On Mon, 11 May 2026 15:53:31 +0200
Nicolas Frattaroli <[email protected]> wrote:

> On Monday, 11 May 2026 13:56:41 Central European Summer Time Boris Brezillon 
> wrote:
> > Hi Nicolas,
> > 
> > On Fri, 08 May 2026 20:00:54 +0200
> > Nicolas Frattaroli <[email protected]> wrote:
> >   
> > > In Commit a8f5738779a9 ("drm/panthor: Pass an iomem pointer to GPU
> > > register access helpers"), the gpu register access helpers were changed
> > > from taking a pointer to a struct panthor_device in their first
> > > argument, to taking a void pointer.
> > > 
> > > This can cause problems, as patches based on panthor before this change
> > > will still compile fine after it. struct panthor_device * implicitly
> > > casts to a void pointer, resulting in completely wrong semantics.
> > > 
> > > Prevent this problem by wrapping the affected functions with macros that
> > > specifically check for and reject the struct panthor_device * type as
> > > the first argument.
> > > 
> > > Signed-off-by: Nicolas Frattaroli <[email protected]>
> > > ---
> > >  drivers/gpu/drm/panthor/panthor_device.h | 68 
> > > +++++++++++++++++++++++++-------
> > >  1 file changed, 53 insertions(+), 15 deletions(-)
> > > 
> > > diff --git a/drivers/gpu/drm/panthor/panthor_device.h 
> > > b/drivers/gpu/drm/panthor/panthor_device.h
> > > index 4e4607bca7cc..91e9f499bf69 100644
> > > --- a/drivers/gpu/drm/panthor/panthor_device.h
> > > +++ b/drivers/gpu/drm/panthor/panthor_device.h
> > > @@ -630,49 +630,87 @@ static inline void panthor_ ## __name ## 
> > > _irq_disable_events(struct panthor_irq
> > >  
> > >  extern struct workqueue_struct *panthor_cleanup_wq;
> > >  
> > > -static inline void gpu_write(void __iomem *iomem, u32 reg, u32 data)

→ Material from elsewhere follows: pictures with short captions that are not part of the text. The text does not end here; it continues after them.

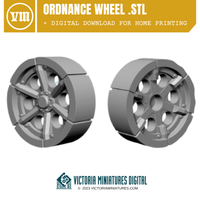 Ordnance Wheel .STL Download Victoria Miniatures
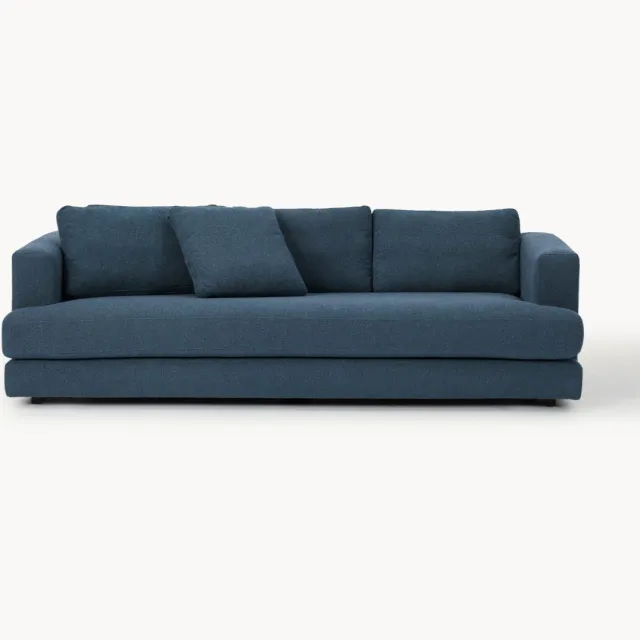 Westwing Collection Bouclé bank Tribeca (3-zits) Blauw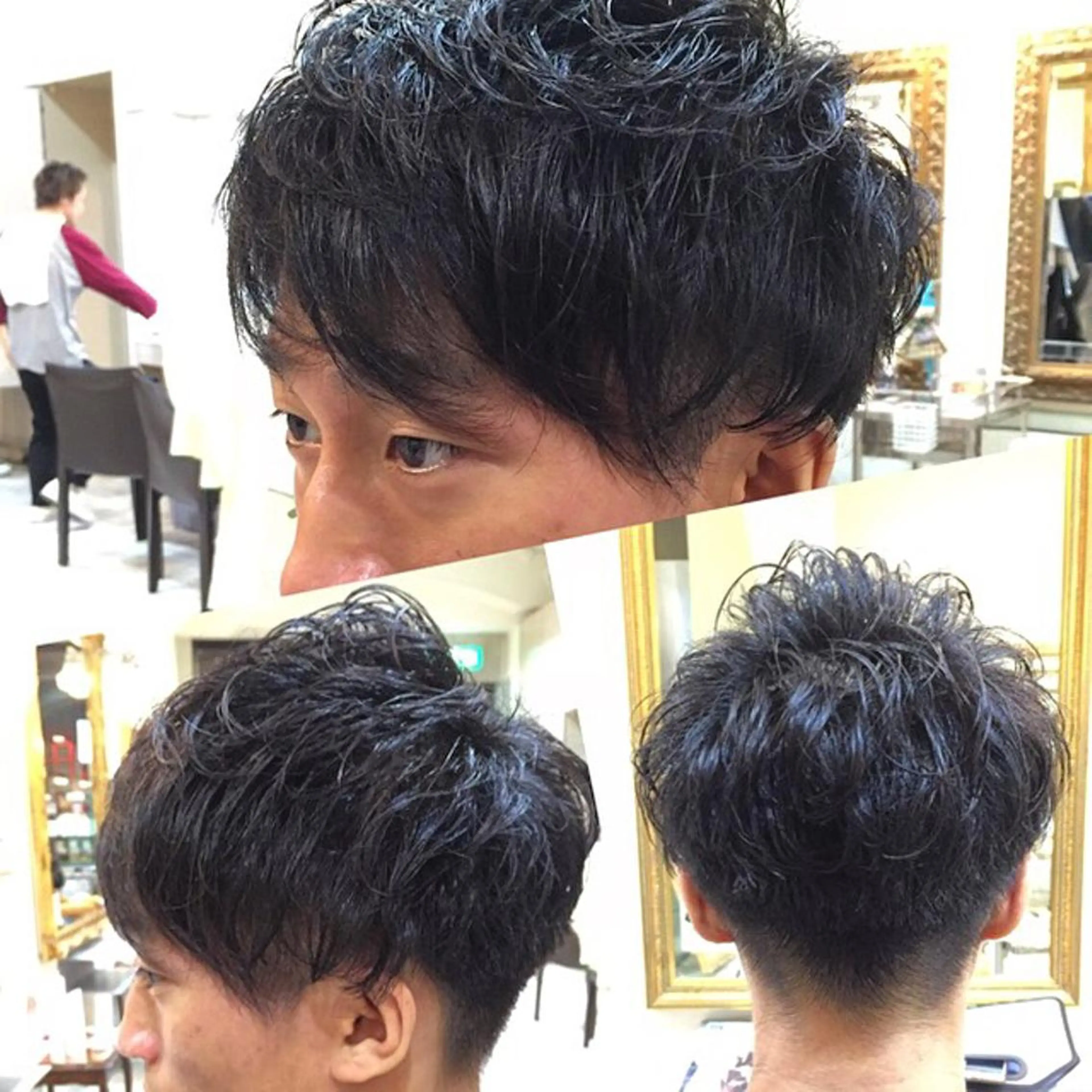 メンズ ✨デザインカラー✨ ハイトーン　森貴章のヘアスタイル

> > > +static inline void _gpu_write(void __iomem *iomem, u32 reg, u32 data)
> > >  {
> > >   writel(data, iomem + reg);
> > >  }
> > >  
> > > -static inline u32 gpu_read(void __iomem *iomem, u32 reg)
> > > +static inline u32 _gpu_read(void __iomem *iomem, u32 reg)
> > >  {
> > >   return readl(iomem + reg);
> > >  }
> > >  
> > > -static inline u32 gpu_read_relaxed(void __iomem *iomem, u32 reg)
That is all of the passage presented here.